Stopping the nozzles inside the mounting sleave is the overheating problem, you've basically turned the sleave into a step nozzle/flame holder and are heating the sleave with flame contact. Ideally you want the flame burning ON the leading tip of the nozzle. Inside it even a little causes the sleave to heat up which lowers the rate of propagation meaning the mixture's velocity doesn't overcome the flame front and the flame moves farther up the burner. What we'd call a "back fire" in a oxy fuel welding torch. 

I'm not a fan of using bell reducers for the nozzle flare but they will work if the burner is adjusted correctly. I use thread protectors myself but we can work with what you have. The first thing I'd try is replacing the final nipple from the elbow by at least 1 1/2" maybe 2" to extend the end of the flare to just outside the mounting sleave. The sleaves should NOT be inside the shell more than just to the edge of the refractory if that far.

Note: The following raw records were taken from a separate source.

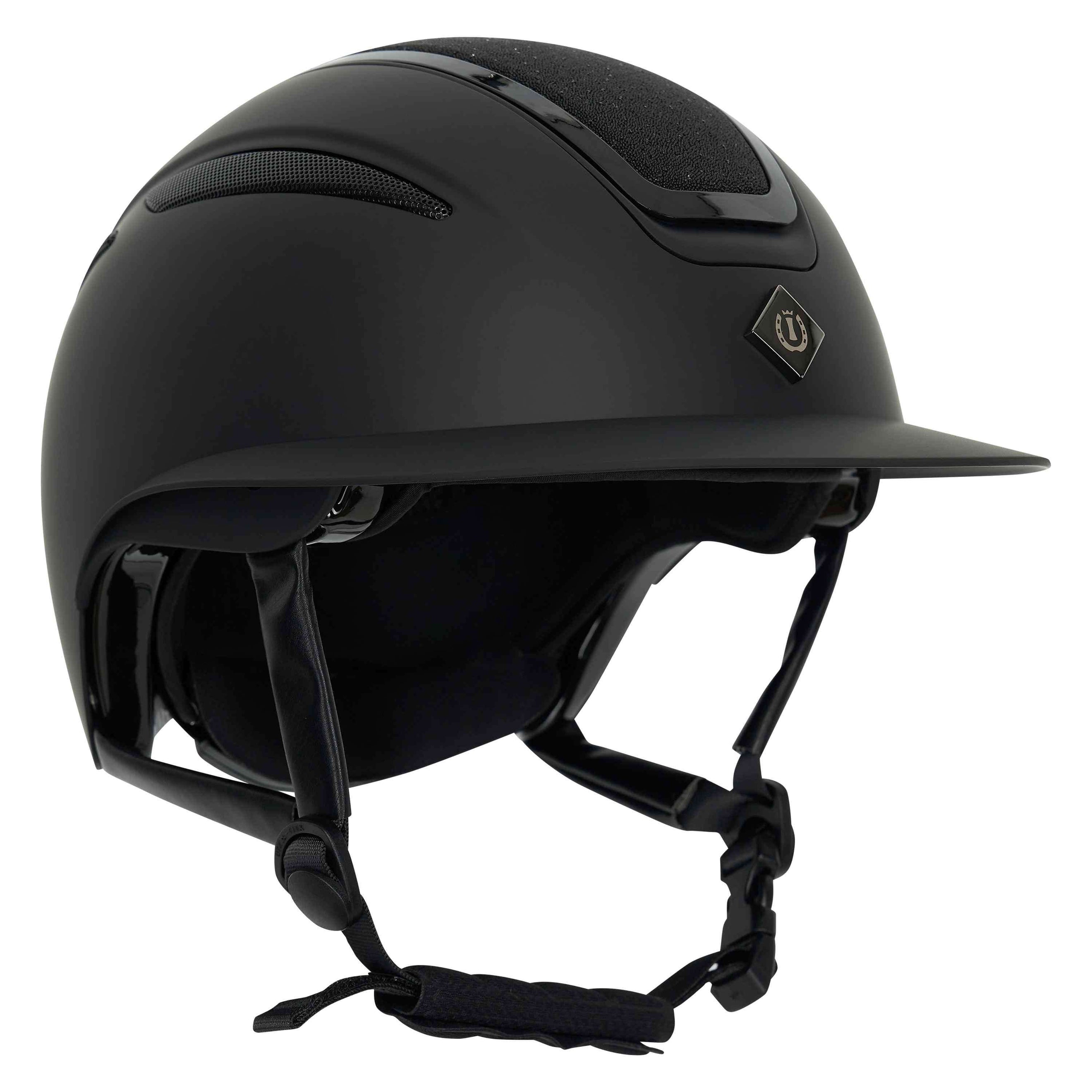 Imperial Riding Cap IRHOlania Deluxe Big Visor Zwart Glitter
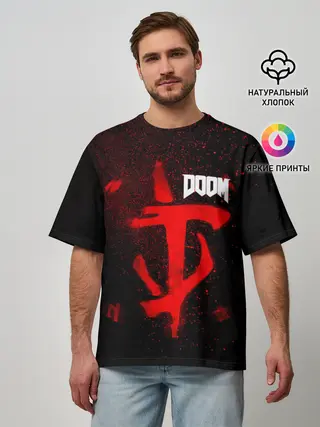Мужская футболка оверсайз / DOOM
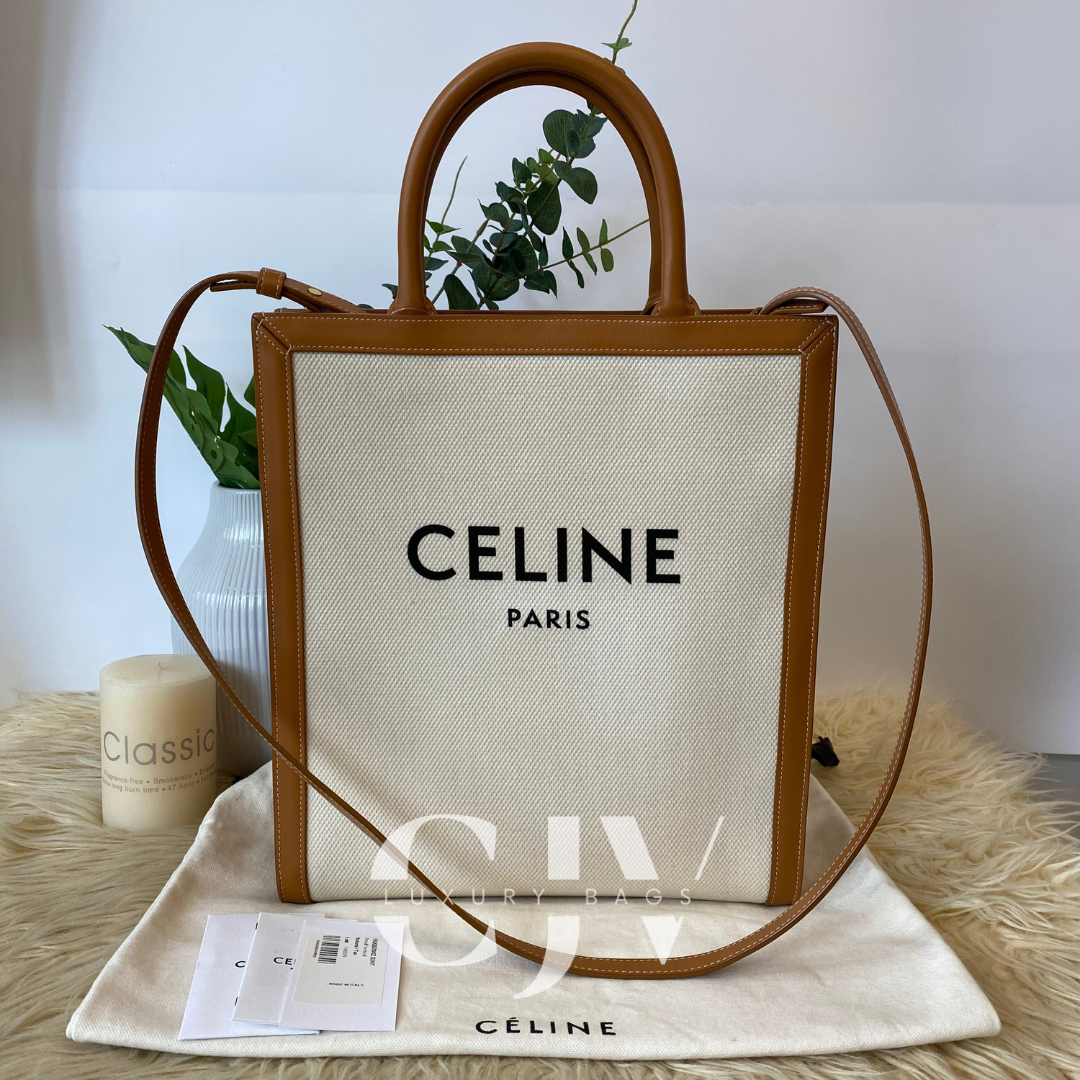 Celine Cabas Vertical Tote Small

The refractory wool doesn't appear rigidized or covered with a hard refractory, this is a serious health hazard especially in the burner ports. You REALLY should address this issue and it'll make a big difference in the flame shape's quality. Think of it like having the inside of your water nozzle fuzzy. Picture the stream of water, Hmmm?

Those are your main issues right now, pull the sleave back if possible and most definitely push the burner flare to JUST outside the sleave.

Forget the flame holders that is NOT your problem, they would in fact make it worse with the configuration as it sits now.

I suggested them because the video showed that the flame was burning back and a flame holder is a method or preventing back burning. However with a little more information I see it's the mounting configuration that forces the back burn. So, forget the screen flame holders. Yes?

Maybe later but not now.

Frosty The Lucky.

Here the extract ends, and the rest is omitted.